Throw in something as complex and ambiguous as creativity and you’ve turned the dial to 11. Think about how many ways creativity can be interpreted, how many models for creativity have been proposed, and how many different problem domains there are to study creativity in. We can’t assume that the process applied to solving deterministic puzzles in a laboratory setting generalizes to every other kind of problem. It’s unlikely that the problem-solving process used to pin a box to a wall transfers readily to creatively solving the current Ukraine crisis. Even if we could, we can’t rely on looking at individual research papers and hope to derive sweeping generalizations from them, especially when we are rejecting one model and promoting another. After all, the supposed failure of one model does not guarantee the validity of another.
The fact of the matter is that nearly a century’s worth of research in creativity has simply shown us that there are a lot of proposed models and explanations for creativity, some more valid than others.
Ashton focuses on one particular stage in one particular model of creativity called “incubation.” Incubation is part of a multi-stage model of creativity proposed by Graham Wallas in the early 20th century. Ashton writes in End of Creativity:
“Incubation,” or solving problems by not thinking about them, has been widely studied. Berkeley’s Robert Olton spent the 1970s looking for it. In one experiment, he asked 160 people to solve a brainteaser, giving some breaks, while making others work continuously. The breaks made no difference. Olton was forced to conclude that,
“No evidence of incubation was apparent,” and added, “No study reporting evidence of incubation has survived replication by an independent investigator.”
And “insight” — the fully formed solution in a flash? German Gestalt psychologist Karl Duncker was one of the first to study that. In his most famous experiment, he gave people a box of tacks and a book of matches, and asked them to fix a candle to a wall so that it could be used as a reading light. The solution is to tack the tack-box to the wall — to see it as a thing for holding the candle, not a thing for holding the tacks. The shift from “tack-box” to “candle-holder” is the supposed “insight.” By having people think aloud, Duncker showed that the solution came incrementally, not instantly: everyone who discovered it thought of making a platform out of tacks, then realized the tack-box would be a better platform.
These experiments, although a few of hundreds, are representative. There is probably no such thing as creativity. But Duncker’s work laid the foundation for an alternative hypothesis: that extraordinary solutions come from ordinary people doing ordinary thinking.

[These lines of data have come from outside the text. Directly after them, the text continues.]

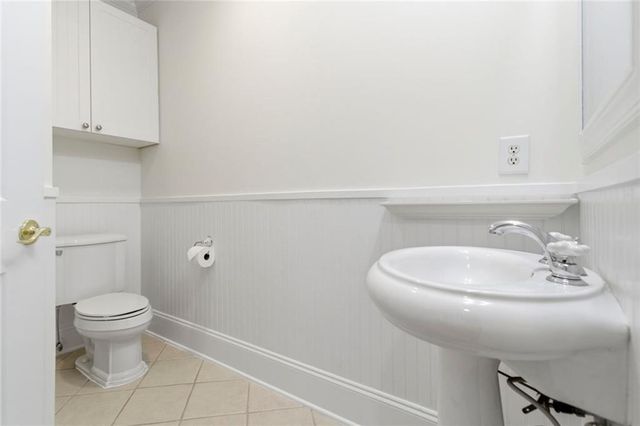 4100 Paces Walk SE 4301, Atlanta, GA 30339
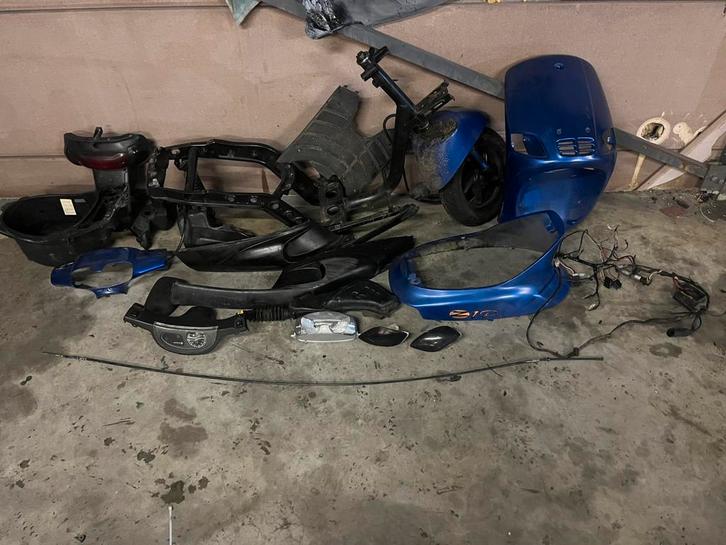 Zip type 3, Fietsen en Brommers, Scooters | Peugeot, Zo goed als nieuw, Overige modellen, Benzine, Ophalen of Verzenden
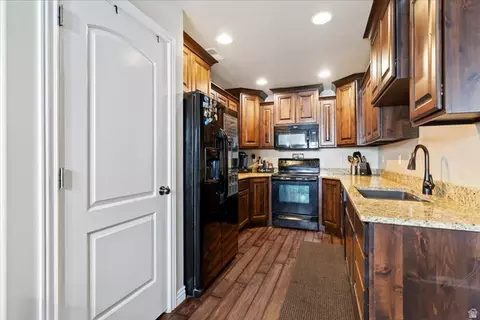 Kitchen - 1809 E Whitetail Dr, Layton, UT 84040 photo 1 of 4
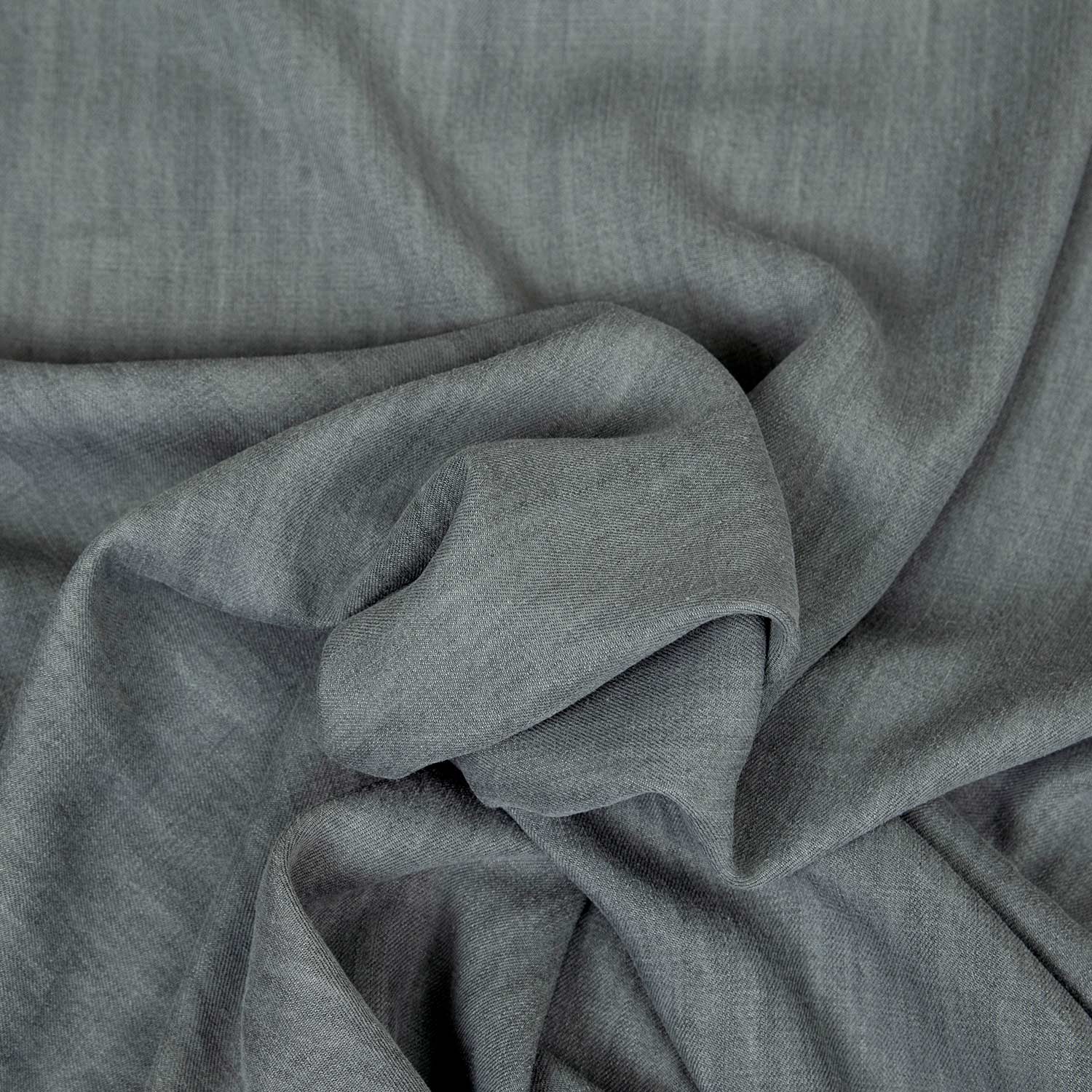 Dettaglio del tessuto Lyocell Tencel grigio perla con superficie morbida e raffinata.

I’m not sure where these hundreds of seemingly conclusive, unequivocal, and “representative” papers that damn creativity to a looming end are, but I’ve been unable to find them. I have been able to find several meta-analyses looking at creativity. A meta-analysis is a statistical process by which the results of multiple experiments are combined to get a better understanding of effects. They’re particularly useful in situations like this, where there are a lot of relatively small studies showing mixed results, and the chances of type II errors (think false negatives) are high.
A 2009 meta-analysis of incubation by Ut Na Sio and Thomas C. Ormerod at Lancaster University combined 117 empirical studies looking at the incubation effect. Their conclusion:
One the whole, the results of this meta-analysis support the existence of multiple types of problem-specific incubation effect. We suggest that the concept of incubation can be understood only through a close examination of the problems to which it is applied and the conditions under which it is elicited.
While one meta-analysis combining hundreds of studies about incubation doesn’t settle the greater question of creativity, it does make a strong case for the existence and validity of the incubation effect.
What these findings highlight is how important it is for us to refrain from drawing sweeping conclusions when all we have is mixed evidence. We have to instead rely on more robust scientific tools and methods to get a better understanding of what’s going on. And sometimes even that doesn’t work, so a humble appreciation for uncertainty is a must.
As for creativity, far from ending, it will likely continue to be an intense area of interest and research in psychology well into the 21st century, if not beyond. It will be exciting to see what evidence-based models for creativity will emerge.